Before each segment of Remini’s show, A&E shows statements from the Church of Scientology that counter the arguments made by its former members featured within. The network also has a site that hosts the Church’s official statement, resources and more to defend their side of the story.
Here are seven takeaways from the first episode of Remini’s docuseries, which highlighted the perspective of Amy Scobee, who skipped high school and became a member of the Church at age 14 before eventually becoming in charge of Celebrity Centres.
- Scobee claimed that her boss from the Church of Scientology, who was 35 at the time, raped her: “He was married, and he had me stay back when everybody else left, and basically we had sex. This was statutory rape, and I was too afraid to tell anyone about it,” Scobee said. Her boss allegedly told his wife and they told the Church, but the Church did not tell Scobee’s parents or police officials. “[The church and their beliefs] indoctrinated in me that if anything serious goes on, it’s handled internally,” she added. “It happened to me, so, therefore I must’ve done something that caused it.”
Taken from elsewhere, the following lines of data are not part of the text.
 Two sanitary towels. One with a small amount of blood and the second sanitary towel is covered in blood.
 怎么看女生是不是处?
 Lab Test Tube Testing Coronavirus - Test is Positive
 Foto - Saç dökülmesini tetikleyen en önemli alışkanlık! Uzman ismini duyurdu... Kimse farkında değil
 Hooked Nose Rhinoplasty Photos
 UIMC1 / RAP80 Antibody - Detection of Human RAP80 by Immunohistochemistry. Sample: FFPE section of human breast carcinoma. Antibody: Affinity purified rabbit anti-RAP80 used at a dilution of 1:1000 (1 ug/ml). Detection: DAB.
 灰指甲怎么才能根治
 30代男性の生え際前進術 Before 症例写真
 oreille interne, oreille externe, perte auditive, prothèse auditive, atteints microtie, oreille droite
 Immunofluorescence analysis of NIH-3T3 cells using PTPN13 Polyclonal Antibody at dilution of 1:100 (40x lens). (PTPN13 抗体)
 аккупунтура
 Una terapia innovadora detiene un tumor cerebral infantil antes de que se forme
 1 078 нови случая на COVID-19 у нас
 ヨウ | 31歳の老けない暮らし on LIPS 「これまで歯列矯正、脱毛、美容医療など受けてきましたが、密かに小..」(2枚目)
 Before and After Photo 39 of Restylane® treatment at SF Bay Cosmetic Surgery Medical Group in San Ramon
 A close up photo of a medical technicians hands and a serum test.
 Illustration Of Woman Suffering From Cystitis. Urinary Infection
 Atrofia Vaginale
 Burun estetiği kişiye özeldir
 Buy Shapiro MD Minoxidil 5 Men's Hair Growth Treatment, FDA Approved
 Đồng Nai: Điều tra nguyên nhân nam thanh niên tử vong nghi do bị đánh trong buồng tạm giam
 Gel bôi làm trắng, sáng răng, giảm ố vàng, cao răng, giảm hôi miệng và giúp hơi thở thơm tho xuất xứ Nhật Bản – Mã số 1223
- The Church of Scientology does not rely on using the judicial system to resolve corruption: “You’re also indoctrinated in Scientology to believe that the justice system is corrupt,” said Mike Rinder, the international spokesperson for Scientology for 20 years, “that it doesn’t do anything to ever resolve the problem. That Scientology is where the answers lie, to even a child molester.”
- The Church’s leader David Miscavige, “a very angry man,” is physically abusive to its members: “If you said something that didn’t please him he would go off on you. If you were a man he would likely hit you, punch you, knock you down, choke you,” said Scobee.
- The Church “is first” and everything else, including family, is considered a distraction, so members of the congregation often write letters to their families so they aren’t reported missing: “They’re called ‘good roads fair weather’ letters,” said Scobee, “so that they don’t file missing persons reports on you or go to the media because they haven’t heard from their children, or something like that.”
- Security guards prohibit members from leaving: “You run everywhere you go,” said Scobee of her experience once she was sent to the Rehabilitation Project Force in 2003. “You do hard manual labor. You call everybody ‘sir.’ You have no communication in and no communication out within that group.”
- Scobee‘s job was to “surround Tom Cruise with Scientologists on staff”: Scobee said that she had to hire an executive housekeeper, a maid and a cook that were dedicated Scientologists. “They wanted him to only be in Scientology 100%,” said Scobee of the Church’s leaders.
- The Church encouraged disconnection, which Scobee considers as their “biggest weapon”: Scobee’s mother said that she received a visit from an ethics officer from the Church while Scobee hid in another room. “What he was telling me was that my daughter was evil and everything she touched was poison, and that she’d done so much damage to the church and that I should have nothing to do with her,” said her mother.